Come una religione, Il metodo sticazzi ha i suoi profeti e i suoi modelli di riferimento, da Ponzio Pilato (che se ne lavò le mani) a Giulio Cesare (suo il motto “Alea iacta est” che, tradotto molto liberamente, è “Oramai è così, che ci posso fare?”), da Rossella O’Hara (che rimandava qualsiasi cosa a domani e a ogni altro giorno) a Josè Mourinho (tra le sue tante dichiarazioni, perfetta “Neanche Gesù era amato da tutti, figuratevi io”). E poi Bob Marley e i fricchettoni, i gatti (a cui bastano una scatoletta, un posticino caldo e un paio di coccole) e il bidello, che a scuola copriva gli ingressi in ritardo e firmava sul libretto al posto dei genitori. “Scovare l’uomo che può renderci la vita più agevole col minimo sforzo, reggendo il gioco di ogni nostro cedimento – scrivono gli autori – e legarlo a noi stessi in modo irrevocabile, è uno dei punti chiave della strategia sticazzista”.

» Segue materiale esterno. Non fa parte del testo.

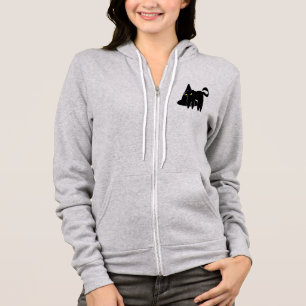 Halloween Zwarte Kat Heksenhoed Griezelen Hoodie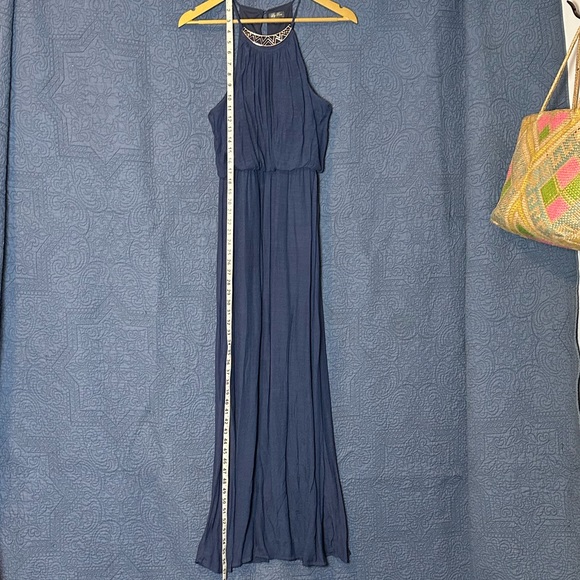 Lily Rose Navy Blue evening/Maxi Dress, Halter top w/ Gold accent. Size Small - Picture 3 of 6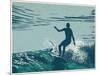 Silhouette Surfer and Big Wave-jumpingsack-Mounted Art Print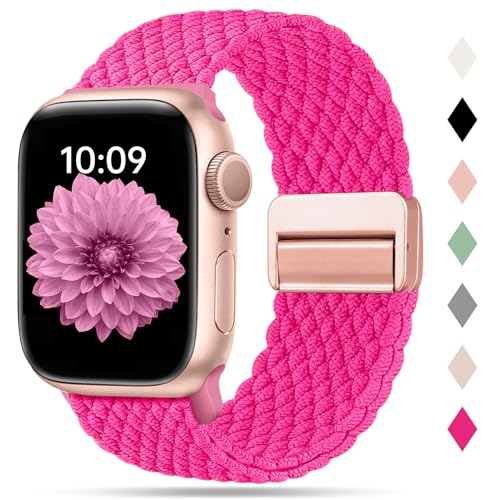 Higgs Geflochtenes Solo Loop Armband Kompatibel mit Apple Watch Armband Ultra 49/45/44/42mm Damen Herren, Magnetisch Verschluss Elastisch Sport Nylon Armbänder für iWatch Series 9 8 SE 7 6 5 4 3 2 1 von Higgs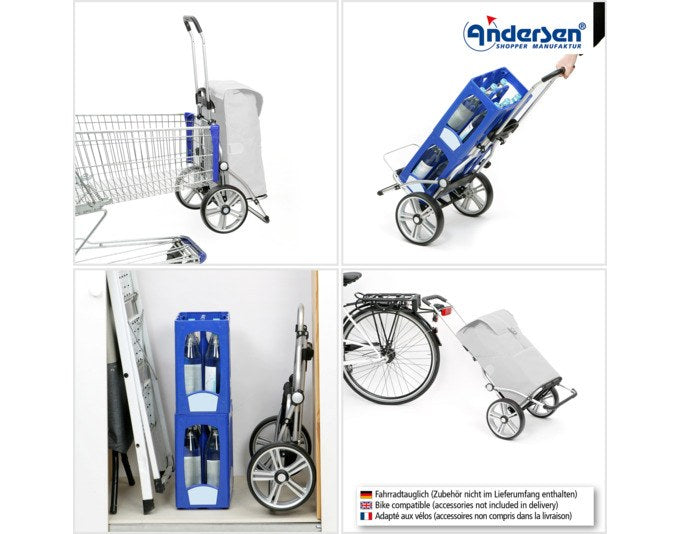 Schwarzer ANDERSEN Einkaufswagen Royal Hydro 3.0 mit Aluminiumgestell, Flüsterrädern und abnehmbarer isolierter Vortasche, freigestellt fotografiert.
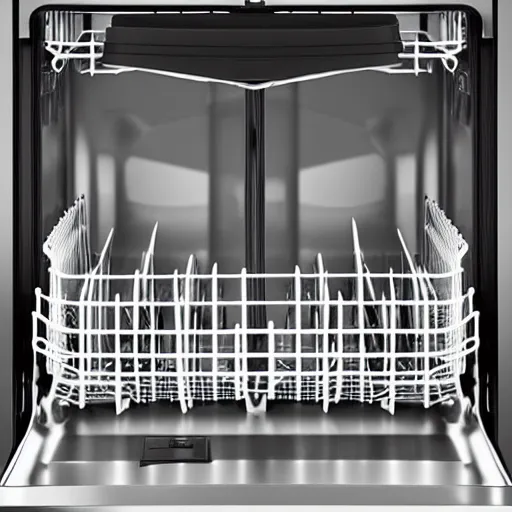 Prompt: open dishwasher with iron skillet inside, high quality 4k resolution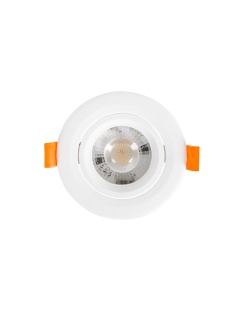 Spot Downlight LED COB Solid Orientable Rond Blanc 7W Coupe Ø75mm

Una strategia che ha le sue regole, prime fra tutte quelle di non essere invidiosi né permalosi, stare alla larga da persone precisine e pronte a tutto per questioni di principio. Sul lavoro, inutile innervosirsi per il collega stakanovista, quello che non rinuncia alla pausa pranzo, arriva per primo e va via per ultimo, non fa neanche una telefonata privata né ha Facebook perché non vuole perdere tempo. “Non angustiatevi e soprattutto non mettetevi mai in competizione con lui, sareste condannati alla sconfitta e in caso di vittoria perdereste comunque, perché vi trovereste a lavorare il doppio senza che nessuno ve l’abbia chiesto”. Meglio farselo amico, allora, così se arriva un cliente insopportabile, sarà lui a occuparsene e se nel prossimo mese toccherà fare gli straordinari, sarà sempre lui a farsene carico per tutti quanti.
Ma come tutte le più grandi invenzioni, avverte Carla Ferguson Barberini, anche Il metodo sticazzi, se utilizzato male, può portare all’autodistruzione. Fregarsene dell’ambiente e dell’inquinamento, girarsi dall’altra parte, commettere reati, non ha futuro. Ma anche non rispettare con frequenza gli orari di ufficio, dire sempre no, più tardi, forse, a capi-colleghi-clienti, può essere la strada più breve per il licenziamento. “Il metodo – conclude una delle autrici – va applicato con equilibrio, senza superare i limiti dell’etica, anche professionale, e distinguendo ciò che è importante da ciò che è del tutto superfluo”.